The above circumstances are illustrative and not exhaustive. At the foundation of the last-seen theory, principles of probability and cause and connection, wherefrom a reasonable and a logical mind would unhesitatingly point the finger of guilt at the accused, whenever attracted, would make applicable the theory of last-seen evidence and standing alone would be sufficient to sustain a conviction."

19. In the instant case there is no evidence that

somebody broke into the shop where the deceased and the

appellant slept in the night. The fact that the appellant and

the deceased used to sleep in the shop and when the shutter

was down at 9:30 PM both of them were in the shop requires

an inference to be drawn that the appellant and the deceased

slept in the shop. Thus, unless the appellant explains as to

under what circumstances the deceased died the homicidal

death, he must own the guilt for the reason up to the time

when the crime was detected the next day morning at around

6-6:30 AM none could have intervened to cause injuries upon

the deceased. The fact that the appellant absconded in the

early hours of the morning on 13.5.2003 further indicates his

guilty mind which can be inferred as a matter of fact from his

conduct of absconding i.e. fleeing from justice. Another nail in

the coffin of the appellant is the false answer/explanation

given by him that he had left employment much earlier and

was not in the shop in the night of 12.5.2003.

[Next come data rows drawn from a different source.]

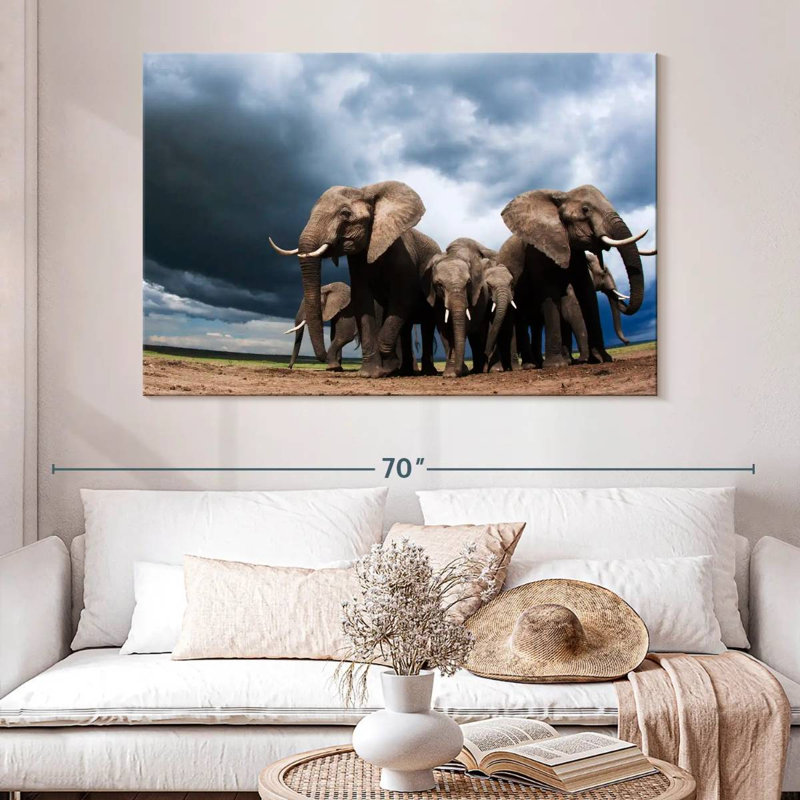 Brampt Elephants Grazing, 34" H x 51" W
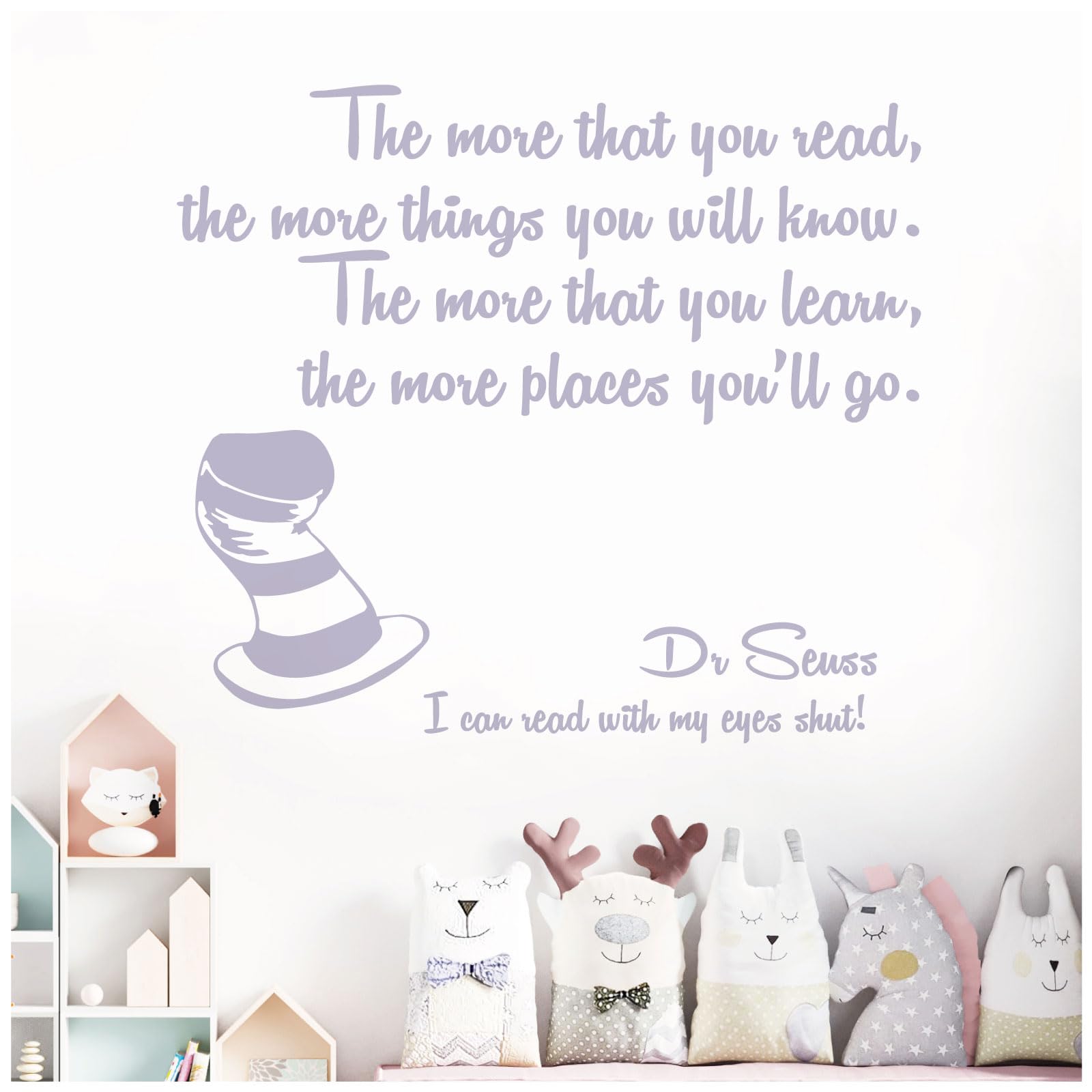 The More that You Read, the More Things You Will Know - Dr Seuss Book Quote Decal Wall Sticker [Medium] [Light Grey]
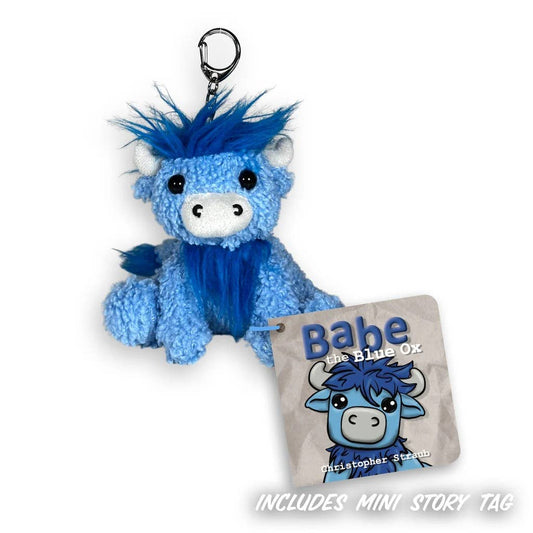 BABE THE BLUE OX 4.5" Plush Keychain w/Mini Story Minnesota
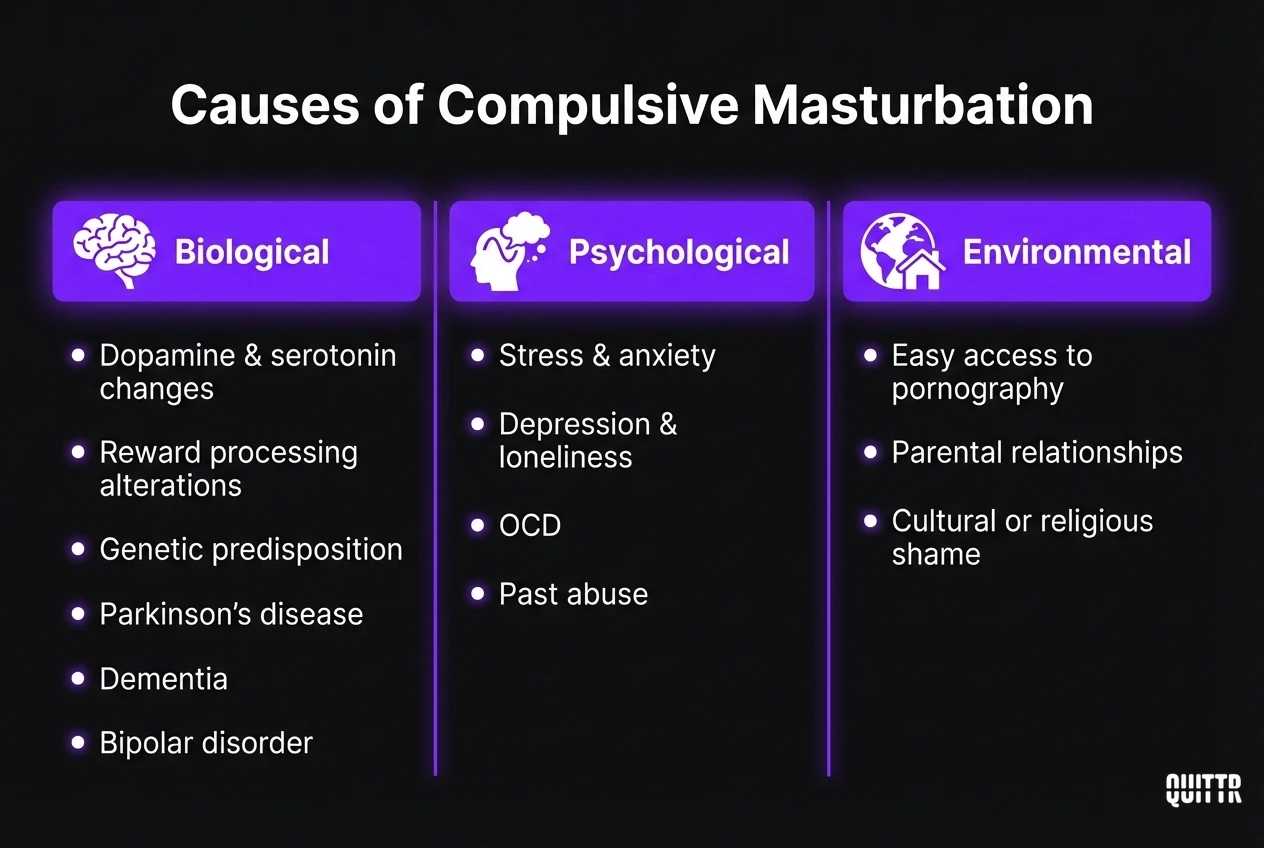 Three categories of compulsive masturbation causes: biological factors like dopamine changes, psychological factors like stress and OCD, and environmental factors like pornography access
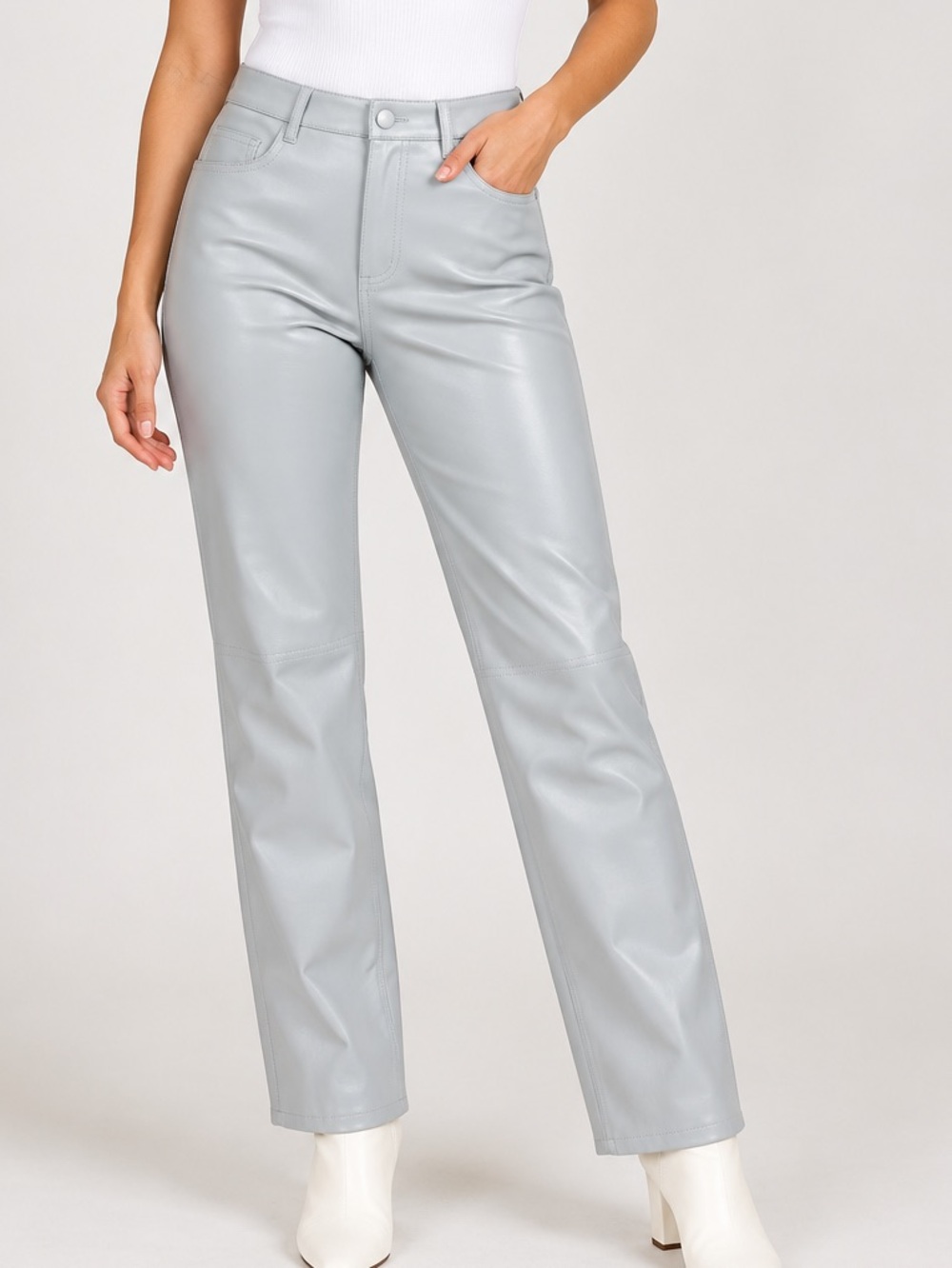 OAK + FORT Light Gray Faux Leather Straight-Leg Pants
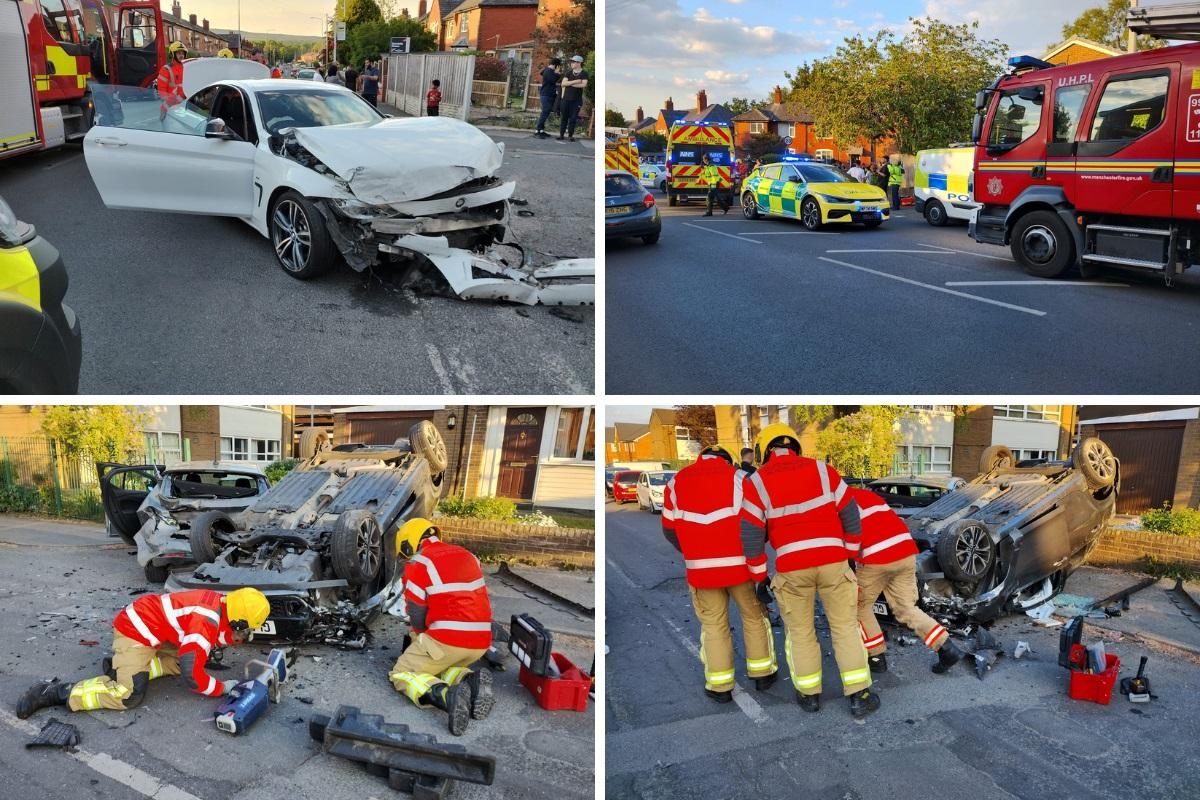 Emergency services called to 3-car crash on road which is focus of police op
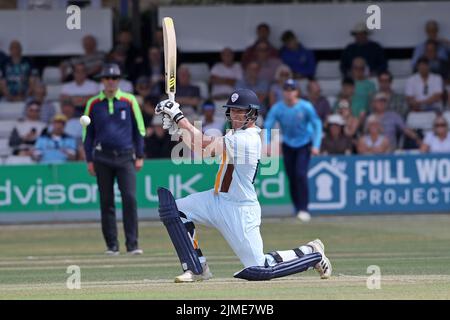 Luis Reece im Batting Action für Derbyshire während Essex Eagles vs Derbyshire, Royal London One-Day Cup Cricket auf dem Cloud County Ground am 5. Augu Stockfoto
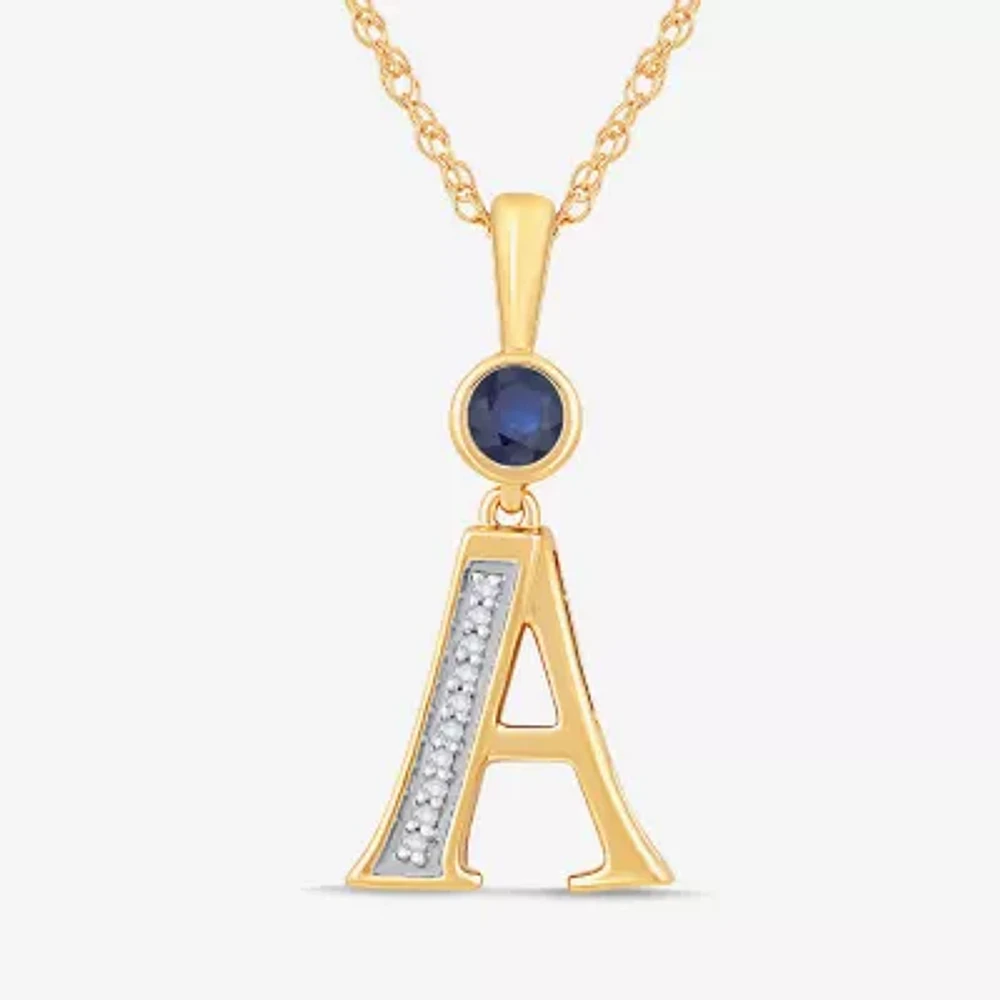A Womens Lab Created Blue Sapphire 14K Gold Over Silver Pendant Necklaces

20. To bring the curtains down we conclude by partially

allowing the appeal, setting aside the conviction of the

appellant for the offence of robbery. We sustain the conviction

and the sentence imposed upon the appellant pertaining to the

charge of murder and the sentence imposed, noting that

learned counsel for the appellant did not dispute that with

reference to the post-mortem report of the deceased none

could argue that it was a case of murder.

21. Since the appellant is still in jail we direct that a

copy of this order and judgment be sent to the Superintendent

Central Jail Tihar to be made available to the appellant.